Neither is wrong but it’s critical to understand which it is that you, your partners, team, advisors, and investors are. A Market – Product Fit founder building the next Google and focused on growth and scale first, revenue second, will fail if their team and investors are seeking revenues. The Product – Market Fit founder will fail if chasing customers and customer desires alone when their investors and team members want to build the next $40 billion valuation (the customer is NOT always right).

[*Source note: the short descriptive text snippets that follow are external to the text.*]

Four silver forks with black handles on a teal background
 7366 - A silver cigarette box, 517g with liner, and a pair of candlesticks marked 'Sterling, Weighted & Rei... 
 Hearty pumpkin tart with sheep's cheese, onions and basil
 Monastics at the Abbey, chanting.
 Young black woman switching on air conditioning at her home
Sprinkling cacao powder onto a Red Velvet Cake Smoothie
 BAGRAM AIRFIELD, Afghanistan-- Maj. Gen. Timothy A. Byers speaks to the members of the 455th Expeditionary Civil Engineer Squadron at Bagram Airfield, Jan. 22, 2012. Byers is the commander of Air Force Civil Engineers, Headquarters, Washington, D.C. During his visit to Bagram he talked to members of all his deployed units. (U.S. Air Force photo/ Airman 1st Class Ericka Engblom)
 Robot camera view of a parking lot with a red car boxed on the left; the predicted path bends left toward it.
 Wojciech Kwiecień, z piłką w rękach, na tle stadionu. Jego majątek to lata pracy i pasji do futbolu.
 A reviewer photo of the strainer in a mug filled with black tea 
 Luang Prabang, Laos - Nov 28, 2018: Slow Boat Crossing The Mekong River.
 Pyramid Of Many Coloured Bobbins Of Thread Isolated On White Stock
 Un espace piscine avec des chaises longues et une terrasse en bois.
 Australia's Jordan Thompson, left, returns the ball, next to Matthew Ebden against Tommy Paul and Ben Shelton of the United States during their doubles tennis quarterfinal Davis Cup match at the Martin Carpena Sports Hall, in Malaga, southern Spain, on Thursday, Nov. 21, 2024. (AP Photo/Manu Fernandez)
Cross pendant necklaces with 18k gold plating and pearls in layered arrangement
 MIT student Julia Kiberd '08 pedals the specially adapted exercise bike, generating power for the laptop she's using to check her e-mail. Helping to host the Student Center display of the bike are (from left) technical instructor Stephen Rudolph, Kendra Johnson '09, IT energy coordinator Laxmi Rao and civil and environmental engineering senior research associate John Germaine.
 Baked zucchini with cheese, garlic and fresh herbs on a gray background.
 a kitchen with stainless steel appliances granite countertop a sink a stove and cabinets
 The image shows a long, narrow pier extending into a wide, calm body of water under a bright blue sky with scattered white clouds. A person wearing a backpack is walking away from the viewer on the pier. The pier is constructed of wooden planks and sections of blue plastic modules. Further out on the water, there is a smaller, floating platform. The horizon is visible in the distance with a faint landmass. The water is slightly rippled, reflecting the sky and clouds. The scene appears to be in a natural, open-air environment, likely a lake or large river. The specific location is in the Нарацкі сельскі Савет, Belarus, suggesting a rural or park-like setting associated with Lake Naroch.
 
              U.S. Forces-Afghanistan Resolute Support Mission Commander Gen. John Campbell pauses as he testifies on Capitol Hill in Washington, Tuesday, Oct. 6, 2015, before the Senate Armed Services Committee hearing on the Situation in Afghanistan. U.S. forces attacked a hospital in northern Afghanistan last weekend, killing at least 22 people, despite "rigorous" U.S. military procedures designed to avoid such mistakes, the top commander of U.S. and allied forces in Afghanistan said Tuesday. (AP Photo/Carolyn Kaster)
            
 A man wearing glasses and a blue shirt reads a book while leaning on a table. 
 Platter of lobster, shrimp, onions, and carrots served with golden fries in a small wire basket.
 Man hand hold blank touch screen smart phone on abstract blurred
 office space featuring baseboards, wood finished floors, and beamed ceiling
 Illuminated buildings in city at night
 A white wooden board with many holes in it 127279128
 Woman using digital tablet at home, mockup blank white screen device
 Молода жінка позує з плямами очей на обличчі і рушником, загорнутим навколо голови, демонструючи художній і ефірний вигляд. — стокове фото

The risk inherent in not aligning your approach, is that it is, frankly, rather easy to grow and sell OR scale. The problem is that it’s all too easy to get distracted and lose your way. Consider, if it isn’t that hard to sell just about anything to anyone, it isn’t difficult to think that early customers and revenue = the right answer and off you go. What if that’s wrong? Or too slow? Or just a niche? Oops. On the other hand, if you know how search engines, email, optimization, and marketing work, you can architect the scale of just about anything, but what if you do that with a product no one wants? Oops. Without the alignment of your team around your vision as a founder (scale or revenue), you’ll get distracted and fail. And while Google can afford to test, try, acquire, let languish, and fail on grand scales – today – you can’t, so if you’re chasing a market, you have to be truly committed and visionary as a Market – Product Fit founder; just as Google’s founders were in the beginning, if you hope to retain the focus needed to find success.
The Tale of Two Founders.
The Product – Market Fit founders, the Lean Startup enthusiasts who proclaim paying customers are the definition of success, seem to be trumpeting this cartoon as implying their very message: don’t fall for the bill of goods from the con man that growth and scale creates value, not revenue. And for them, if their companies (teams and investors) are clearly aligned as such, they’re right. And yet, I think most are neglecting the subtlety of nature of the cartoon: the story of the boy with the cow and the magic beans, that without the growth and scale of the bean stalk, the boy would have never found the riches above the clouds.
Sounds like Bull to me ( see what I did there) ?
True and precious advice to founders. Although valuation drivers change with the development of a company, at early stages (bootstrapping, seeding for sure), growth and scale must be the obsession of founders.